Light quality and osmoregulation in vicia guard cells : evidence for involvement of three metabolic pathways.

Osmoregulation in opening stomata of epidermal peels from Vicia faba L. leaves was investigated under a variety of experimental conditions. The K(+) content of stomatal guard cells and the starch content of guard cell chloroplasts were examined with cobaltinitrite and iodine-potassium iodide stains, respectively; stomatal apertures were measured microscopically.

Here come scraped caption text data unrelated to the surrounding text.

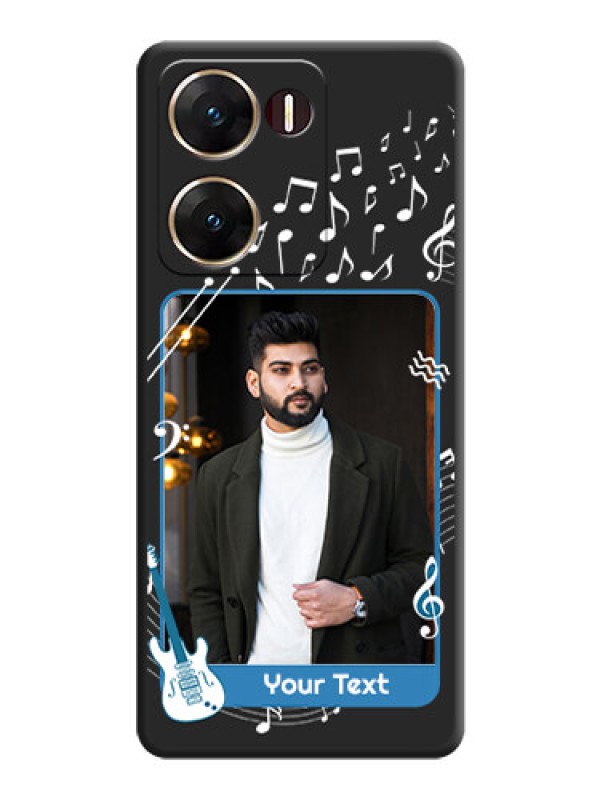 Custom Musical Theme Design with Text on Photo On Space Black Custom Soft Matte Mobile Back Cover - Vivo V29E 5G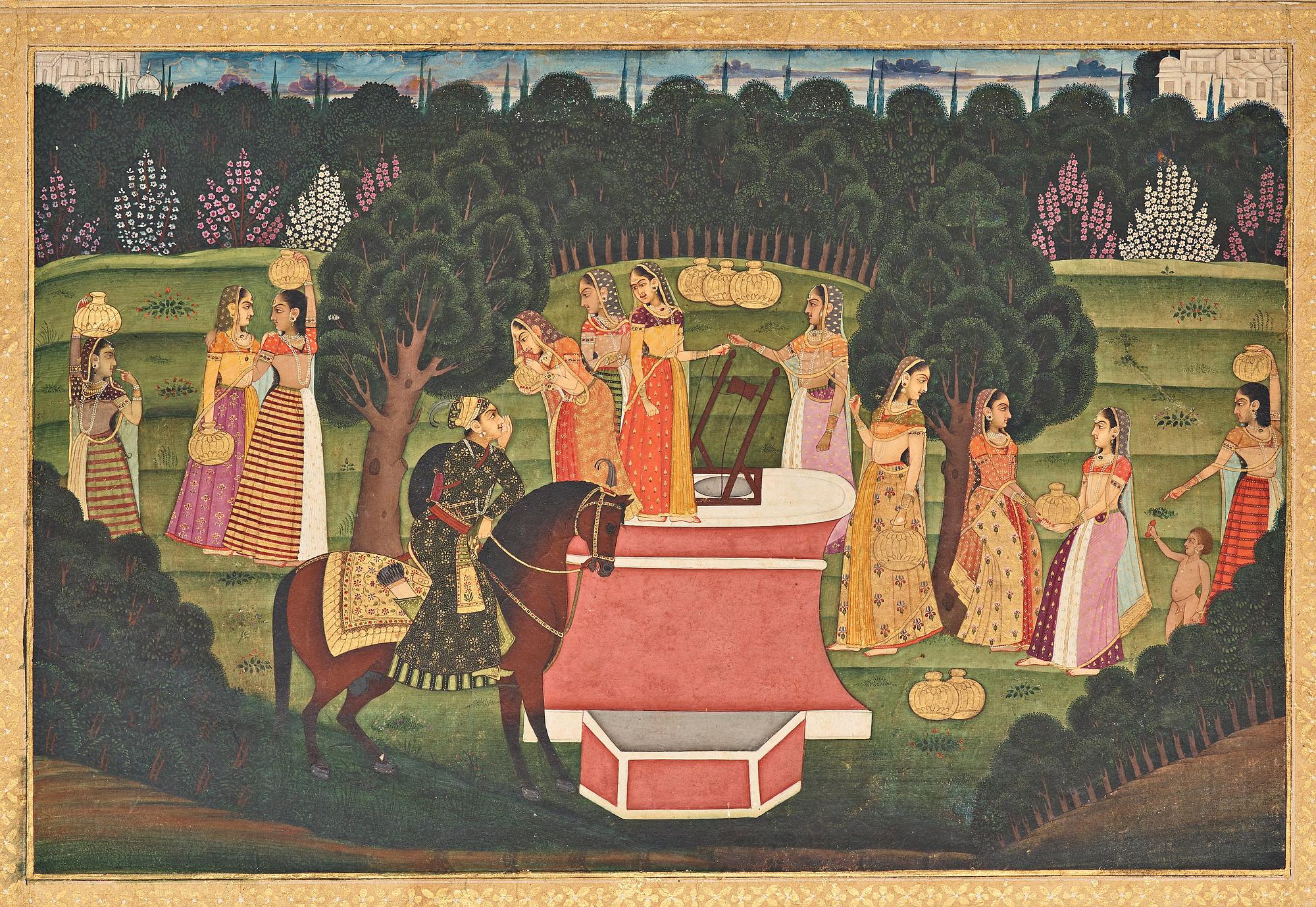 A painting of women in a garden around a well, ink and color on paper, India, 19th Century.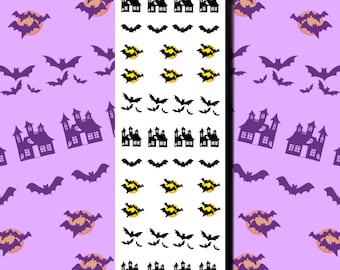 Nail Art Decals Spooky Bats and Haunted Houses Nail Decals: Halloween Nail Art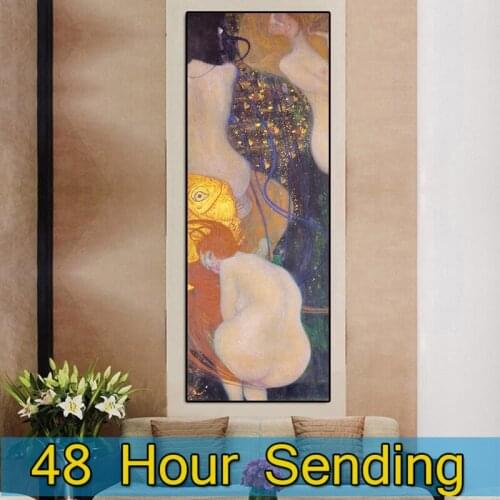 Canvas Art Abstract Decor Famous Oil Painting Gustav Klimt Golden Naked Woman With Long Hair Living Room Decoration Wall Picture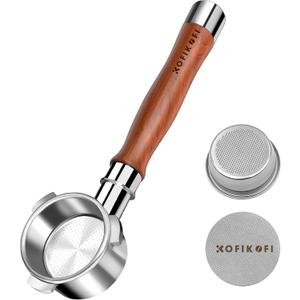 54mm Bottomless Portafilter 3 Ears, Bottomless Naked Portafilter Compatible with Breville/Sage Barista Express BES870/876/878/880/881/450/500/810/840, with Puck Screen and 18g Filter Basket - Rosewood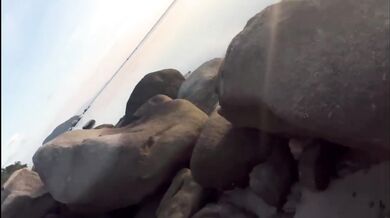 German Girl masturbating in a public beach ( Almost caught)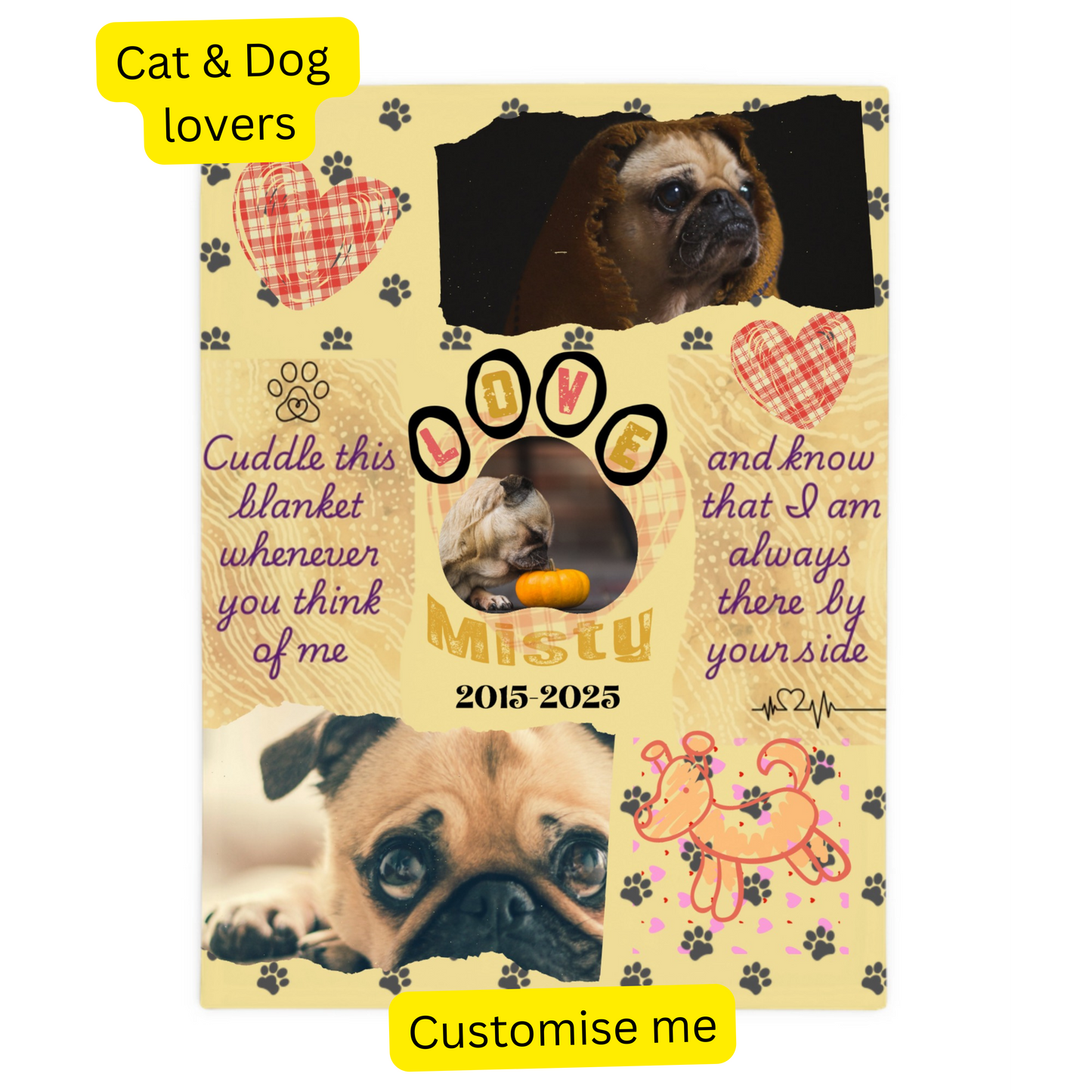 Plush Fleece Blanket with 3 Custom Photo inserts - Memorial Personalised Custom Blanket - Sympathy Gift For Pet Owners, Pet Lovers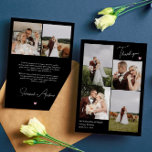 Photographies de Mariage de coeur rose noir Merci<br><div class="desc">Carte de remerciements mariage noir avec un collage de quatre photos propre et merci dans un script signature soigné sur un côté avec un coeur rose mignon. De l'autre côté, deux autres photos et un message de remerciement imprimé et vos noms. Carte photo romantique de Merci Mariage avec Arrière -...</div>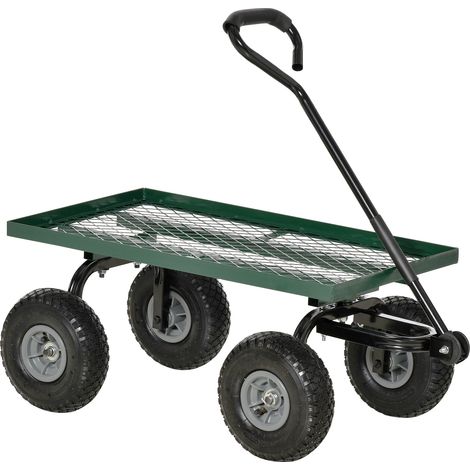 Garden Trolley Cart with Pneumatic Wheels and Rotating Handle, Green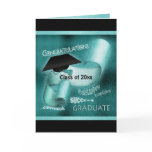 Graduation class of 20xx elegant teal greeting cards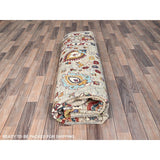 Shahbanu Rugs Spanish Gray Afghan Sultani All Over Floral Pattern Hand Knotted Pure Wool Vegetable Dyes Oriental Rug 8'10"x11'7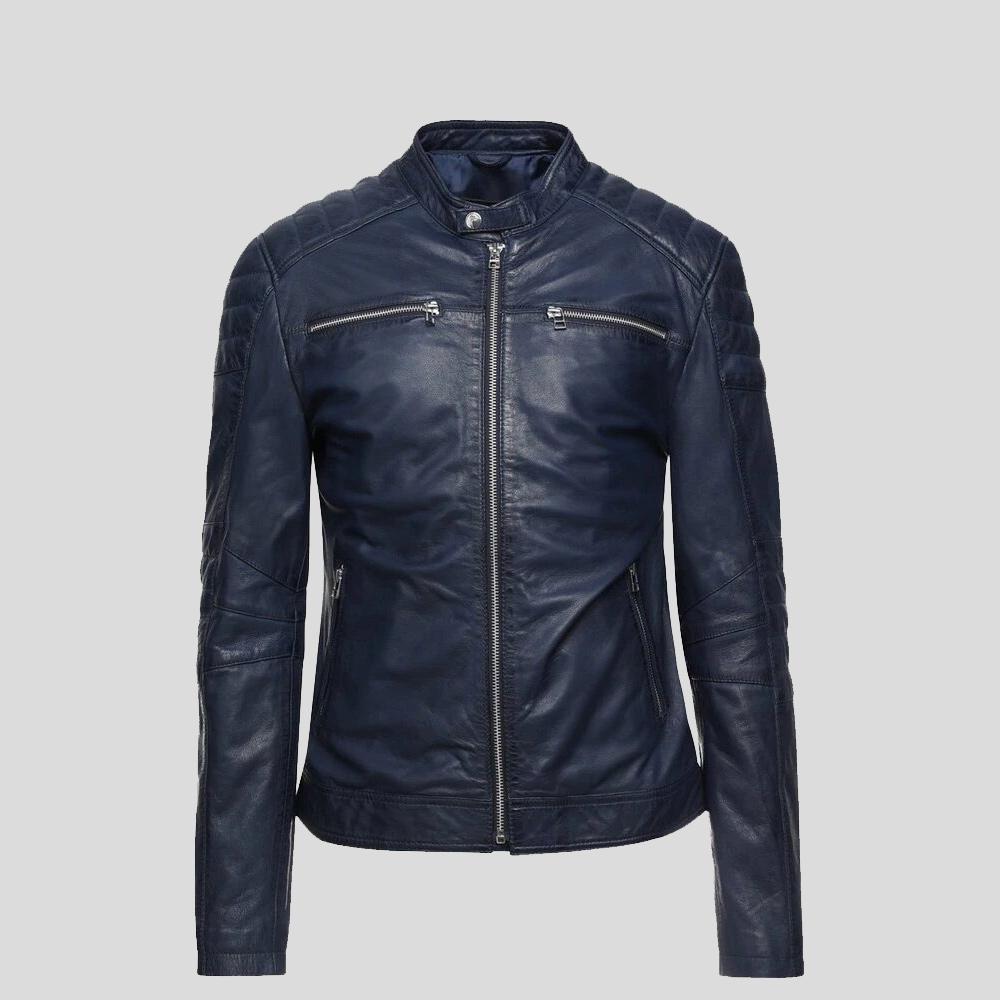 Olin Blue Biker Leather Jacket - Shearling leather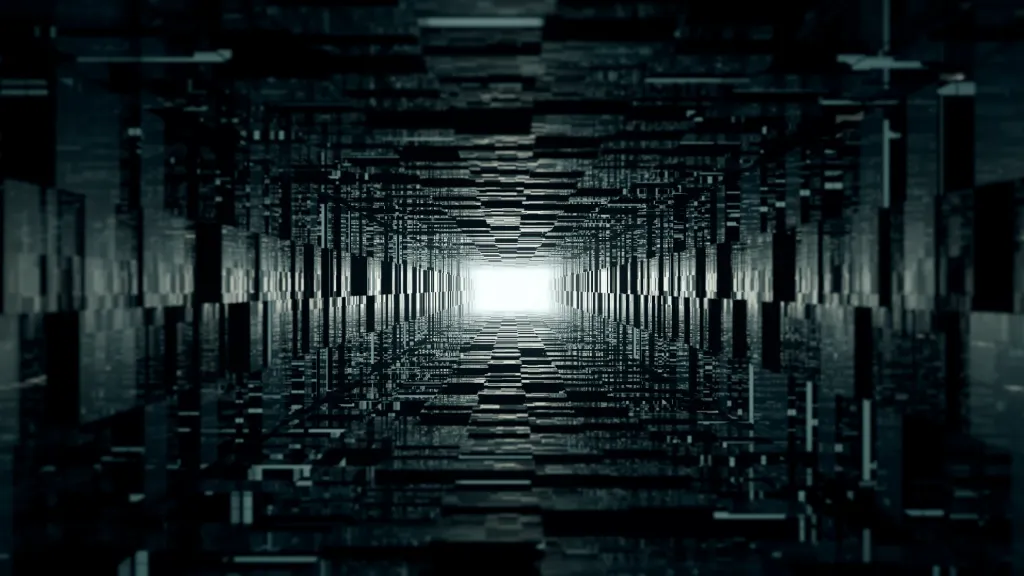 digital tech tunnel wallpaper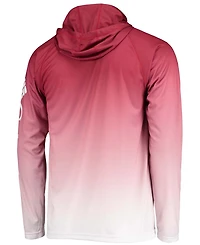 Men's Crimson Oklahoma Sooners Terminal Tackle Omni-Shade Upf 50 Long Sleeve Hooded T-shirt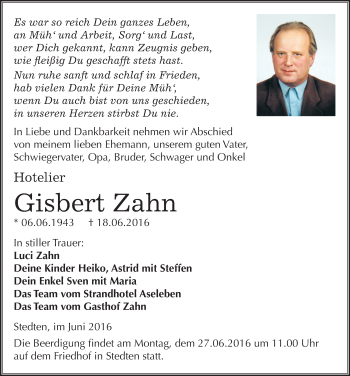Traueranzeige von Gisbert Zahn von Mitteldeutsche Zeitung Mansfelder Land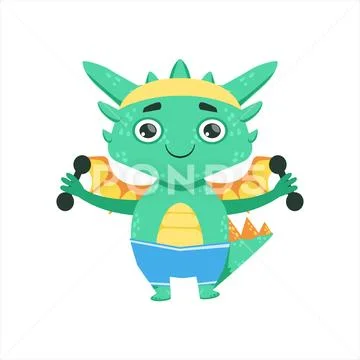 Little Anime Style Baby Dragon Exercising With Dumbbells Cartoon Character Emoji Stock Illustration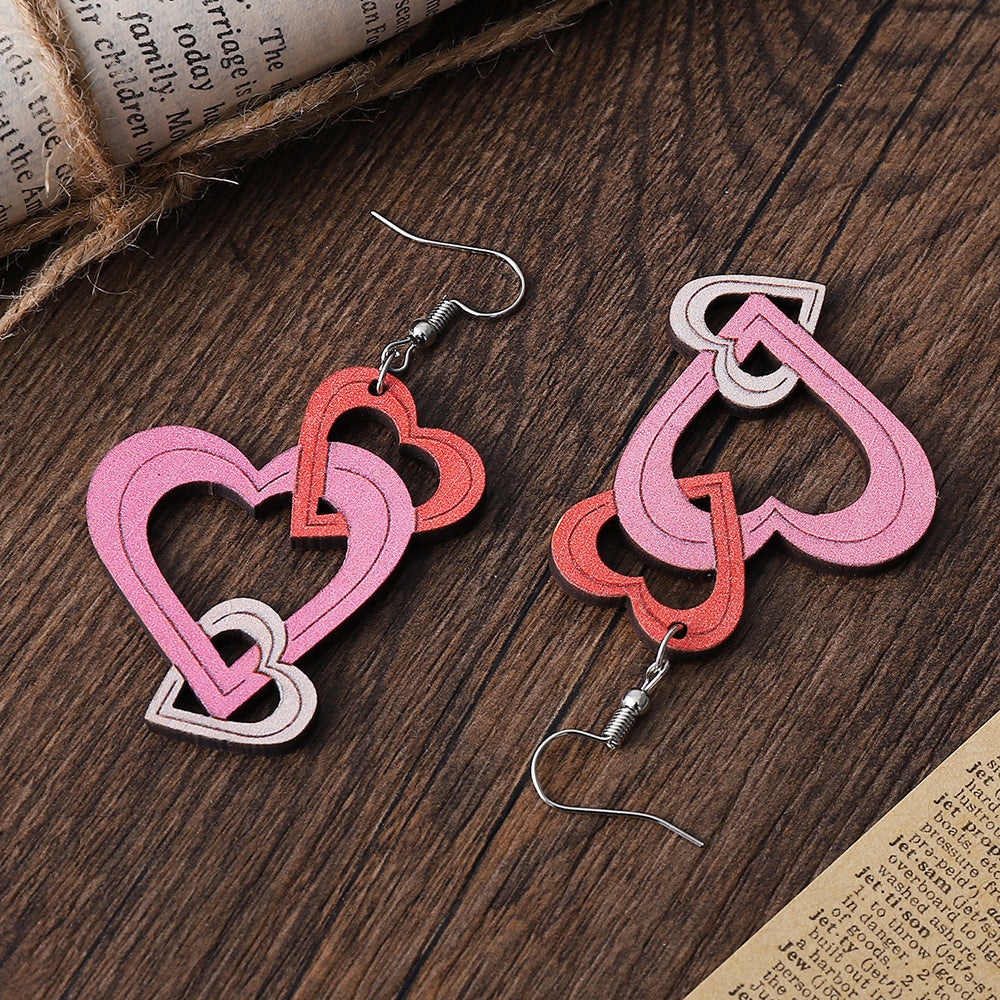Wholesale Valentine's Day Gradient Hollow Love String Earrings Wood Earrings ACC-ES-ChuLian095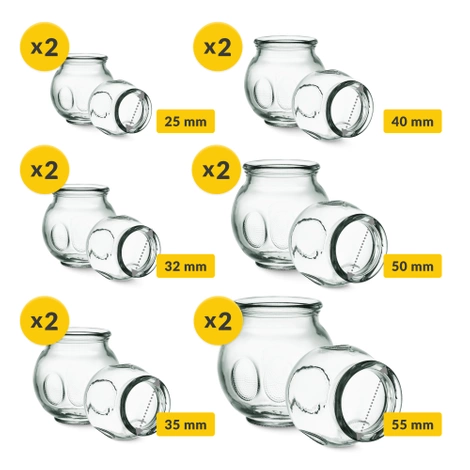 Masážní baňky vakuové 12 ks.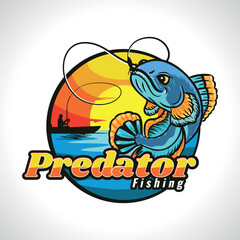 fisher man fishing predator fish in river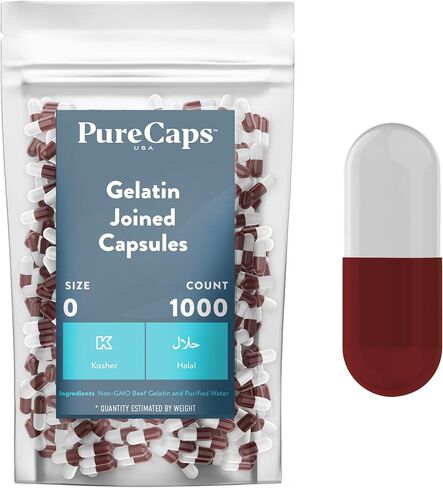 بيور كابس الولايات المتحدة الأمريكية - كبسولات جيلاتينية فارغة مقاس 0، 1000 حبة هلامية متصلة فارغة، برتقالي/أبيض، معتمدة كغير معدلة وراثيًا، موافق للشريعة اليهودية، خالية من الغلوتين ومعتمدة من حلال، كبسولات حبوب هلامية من لحم البقر النقي فارغة in Kuwait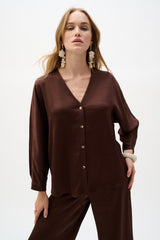 Joseph Ribkoff Satin Boxy Top With Dolman Sleeves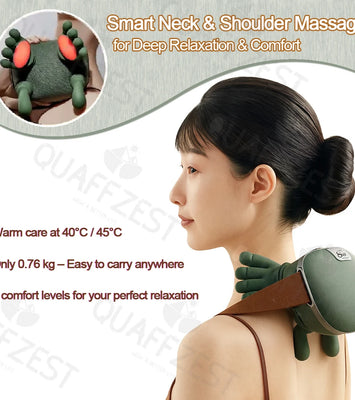 Real Touch Heat Massager, Neck Massager with Fingers, Deep Kneading Electric Back Massager, 3 Speed Modes, Portable Massage Device for Home, Office & Travel (Green)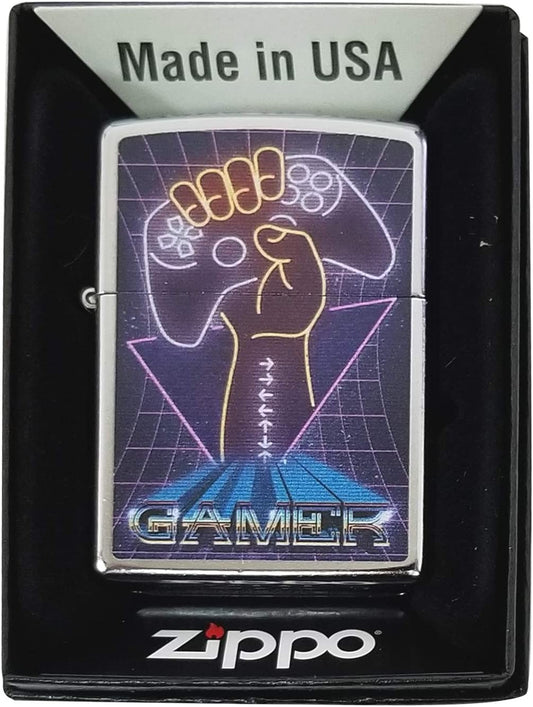 Retro Gamer 80's Arcade Design - Street Chrome Zippo Lighter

Red light (50 micromoles per square meter per second) irradiation caused a net increase of 3.1 micrometers in aperture and a decrease of -0.4 megapascals in guard cell osmotic potential over a 5 hour incubation, but histochemical observations showed no increase in guard cell K(+) content or starch degradation in guard cell chloroplasts. At 10 micromoles per square meter per second, blue light caused a net 6.8 micrometer increase in aperture over 5 hours and there was a substantial decrease in starch content of chloroplasts but no increase in guard cell K(+) content. At 25 micromoles per square meter per second of blue light, apertures increased faster (net gain of 5.7 micrometers after 1 hour) and starch content decreased. About 80% of guard cells had a higher K(+) content after 1 hour of incubation but that fraction decreased to 10% after 5 hours. In the absence of KCl in the incubation medium, stomata opened slowly in response to 25 micomoles per square meter per second of blue light, without any K(+) gain or starch loss. In dual beam experiments, stomata irradiated with 50 micomoles per square meter per second of red light for 3 hours opened without detectable starch loss or K(+) gain; addition of 25 micomoles per square meter per second of blue light caused a further net gain of 4.4 micometers in aperture accompanied by substantial K(+) uptake and starch loss. Comparison of K(+) content in guard cells of opened stomata in epidermal peels with those induced to open in leaf discs showed a substantially higher K(+) content in the intact tissue than in isolated peels. These results are not consistent with K(+) (and its counterions) as the universal osmoticum in guard cells of open stomata under all conditions; rather, the data point to sugars arising from photosynthesis and from starch degradation as additional osmotica. Biochemical confirmation of these findings would indicate that osmoregulation during stomatal opening is the result of three key metabolic processes: ion transport, photosynthesis, and sugar metabolism.